Zwischen gesunkener politischer Bedeutung und gestiegener öffentlicher Erwartung: Wird der neue britische König Charles III diesen Spagat hinkriegen?

Auf Charles wartet eine schwierige Aufgabe, aber er hatte sehr viel Zeit zum Üben Foto: Lisi Niesner/reuters

A uf manche politischen Fragen gibt es keine allgemeingültige Antwort. Wozu gibt es Könige? Was dürfen Politiker? Die Krönung des britischen Königs Charles III. an diesem Samstag wird Befürworter und Kritiker der Monarchie in Großbritannien gleichermaßen auf den Plan rufen, und beide werden sich in ihren Meinungen durch diese Zeremonie eher bestätigt fühlen als sie zu hinterfragen.

Veränderlicher als die Meinungen zur britischen Monarchie ist diese Monarchie selbst. Als Queen Elizabeth II. 1953 gekrönt wurde, lebte Großbritannien noch im Schatten des Zweiten Weltkriegs. Es war zugleich ausgelaugtes Kriegsopfer und mächtige Siegernation. Das Empire war am Zerbröseln, es herrschte Rationierung, aber der neue Wohlfahrtsstaat modernisierte das Land. Der zurück ins Amt gewählte Kriegspremier ­Winston Churchill war kraft- und ideenlos, aber die 27-jährige Königin, die ihr Leben noch vor sich hatte, verkörperte Frische und Aufbruchstimmung. „The sweetest Queen the world’s ever seen“, lobte der Musik­hit jenes Sommers 1953, als ein junges England in eine neue Welt eintreten wollte.

Im Jahr 2023 ist der neue König nicht 27 Jahre alt, sondern 74, er hat seine wichtigsten politischen und persönlichen Prägungen längst hinter sich und übt sein Amt mit der ruhigen Hand einer langen Lebenserfahrung aus. Aber er steht nicht für den Aufbruch in eine neue Ära. Großbritanniens erfrischender Hang zu politischer Respektlosigkeit untergräbt jeden Populismus, aber erschwert auch seriöse Reformpolitik und befördert Selbstzweifel und Polarisierung. Mit seiner Offenheit für nichteuropäische Zuwanderer und ihre Nachfahren selbst in höchsten Ämtern von Politik und Wirtschaft hat dieses Land mehr als jedes andere in Europa die postkoloniale Globalisierung verinnerlicht, aber die selbstgefällige Beschwörung des Niedergangs gehört in intellektuellen Kreisen wieder einmal zum guten Ton. Das überträgt sich auch auf die Wahrnehmung des Königs.

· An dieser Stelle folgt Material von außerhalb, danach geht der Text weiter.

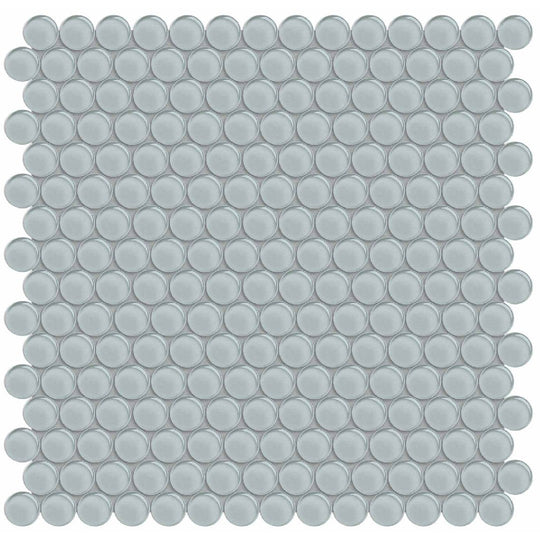 Crossville 12" x 12" Elements Glass Posh Gloss Glass Penny Round Mosaic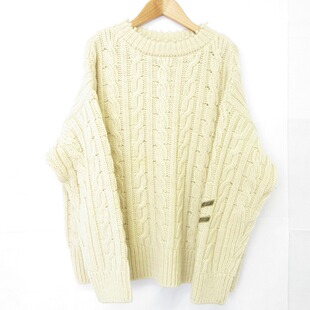 45R 象牙白绞花针织毛衣外套 女款 经典学院风复古毛衣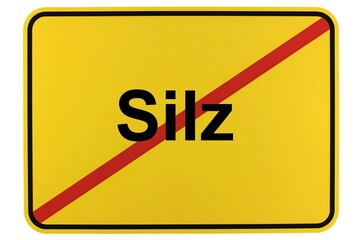 Illustration eines Ortsschildes der Gemeinde Silz in Mecklenburg-Vorpommern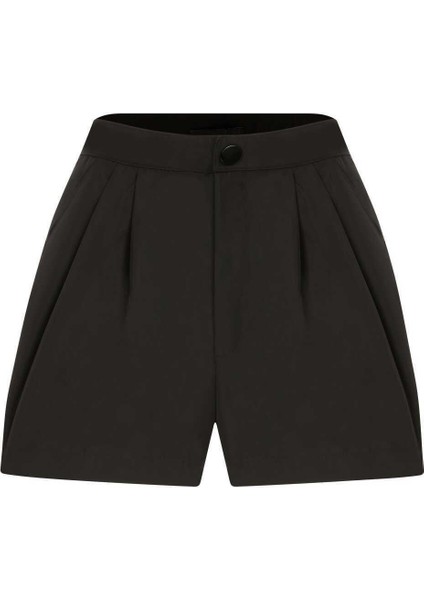 Pileli Şort Siyah K2312601_001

Die politische Bedeutung der Monarchie ist in den vergangenen 70 Jahren massiv gesunken. Der neue König ist keine Leitfigur, und vom Palast geht keine politische Orientierung aus. Das ist kein Makel. Der oberste Repräsentant des Staates soll repräsentieren, aber was er repräsentiert, entscheidet nicht er selbst. Dafür gibt es Parlamente und gewählte Regierungen. Zugleich steht der König unter einem gesellschaftlichen Erwartungsdruck wie nie zuvor. Jede Regung und Äußerung wird bewertet und kommentiert. Jederzeit und überall muss das Richtige gesagt und getan werden.

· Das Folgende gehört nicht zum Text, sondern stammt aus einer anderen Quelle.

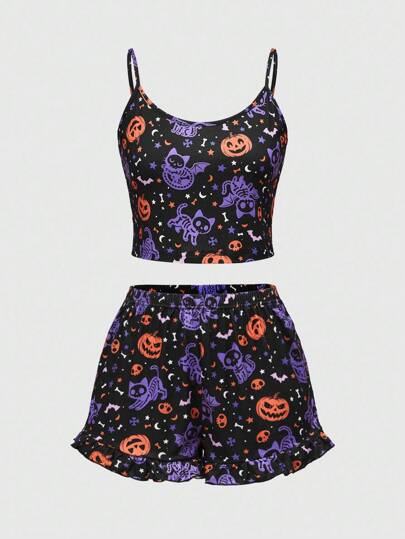 Gothic Halloween Skelett Katze Kürbis Stern Mond Knochen Dekor Trägerhemd & Shorts Pyjama Set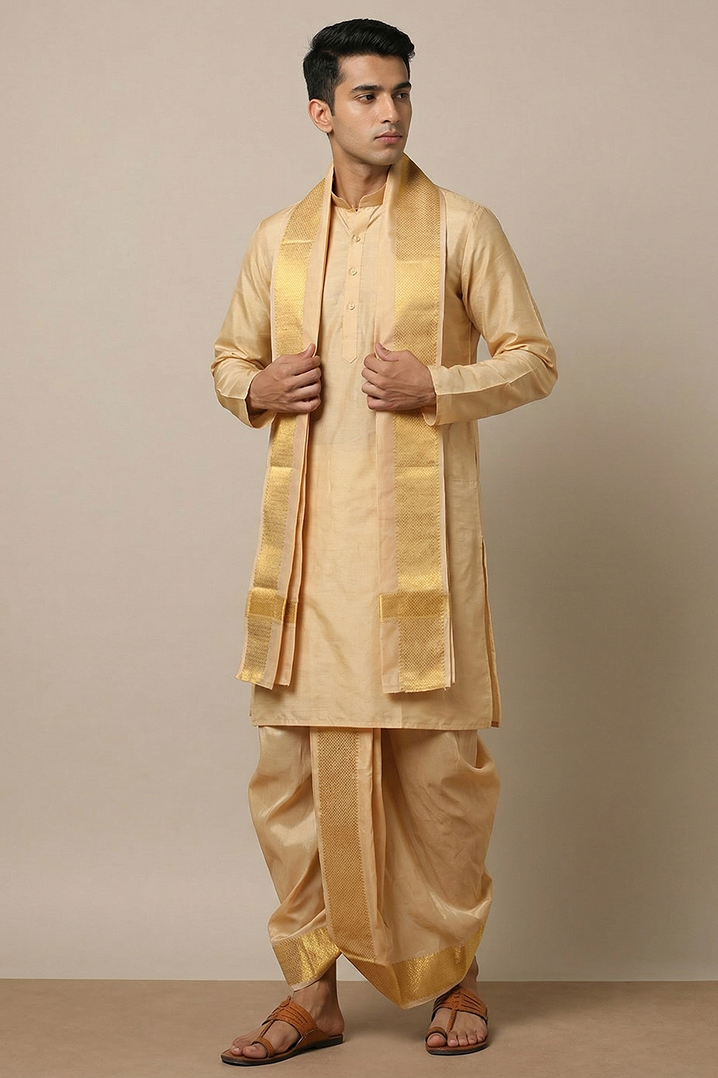 Hiranya — Premium Gold Raghukula Pattu Silk Fabric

Die Welt wäre ein interessanterer Ort, wenn nicht Prinz Harry, sondern die verstorbene Queen ihre Memoiren geschrieben hätte

Aus dieser Erwartungshaltung entspringen politische Forderungen: Der König soll sich für die Sklaverei entschuldigen, er soll sich zu Brexit oder Klimawandel oder Rassismus positionieren und seine Meinung sagen – aber eigentlich natürlich nicht seine eigene Meinung, sondern die an ihn herangetragene Wunschmeinung, die er dadurch, dass sie aus seinem Mund kommt, gewissermaßen adelt und unangreifbar macht. Es ist ein magisches Denken aus den Zeiten des Absolutismus, das eine Frage für geklärt hält, wenn der König sie beantwortet, und ein politisches Problem als gelöst ansieht, wenn der König sich ihm widmet.

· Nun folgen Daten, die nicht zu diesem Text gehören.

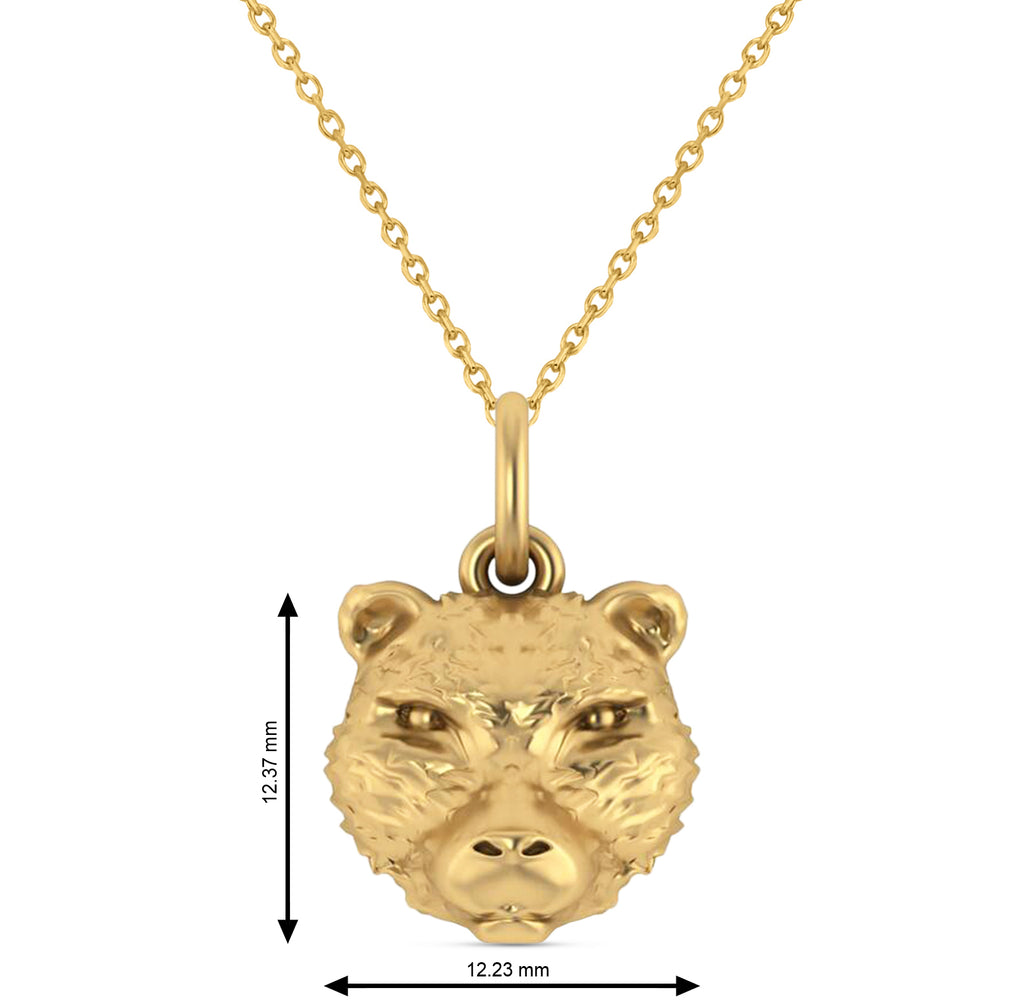 Bear Head Charm Pendant Necklace 14K Yellow Gold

Die Memoiren der Queen wären interessanter

Diese gesellschaftliche Erwartungshaltung steht eigentlich im kompletten logischen Widerspruch zum politischen Bedeutungsverlust. Den einzigen Weg, beides zu vereinbaren, haben ausgerechnet Harry und Meghan gefunden, die freiwilligen Exilroyals: Sie inszenieren sich permanent in der Öffentlichkeit, reden dabei aber ausschließlich über sich selbst. Das Ergebnis ist eine Absurdität: öffentliche Figuren, deren einziges Thema ihr Privatleben ist. Zum Glück langweilt das schnell. Die Welt wäre ein interessanterer Ort, wenn nicht Prinz Harry, sondern die verstorbene Queen ihre Memoiren geschrieben hätte.

Charles III. hat viel Zeit gehabt, um andere Themen als sich selbst zu entwickeln, und er hat sie genutzt. Sein Umgang mit Ökologie und mit Geschichtspolitik ist beispielhaft und hat früh Maßstäbe gesetzt. Ob ihm als König auf Dauer der Spagat gelingt, zugleich nichts sagen zu dürfen und alles sagen zu müssen, hängt nun davon ab, welcher Raum ihm gelassen wird.

1953 markierte die Krönung von Elizabeth II. den Eintritt der britischen Monarchie ins Fernsehzeitalter und ihre mediale Öffnung, die schließlich außer Kontrolle geriet, wie das tragische Schicksal von Prinzessin Diana offenbarte. Die Krönung 2023 findet in einer Zeit statt, in der das Fernsehzeitalter zu Ende geht und die digitale Öffentlichkeit zunehmend zerstörerisch wirkt. Der König wird damit umgehen müssen. Wie er das tut, könnte eine neue Form von zeitgemäßer gesellschaftlicher Orientierung bieten.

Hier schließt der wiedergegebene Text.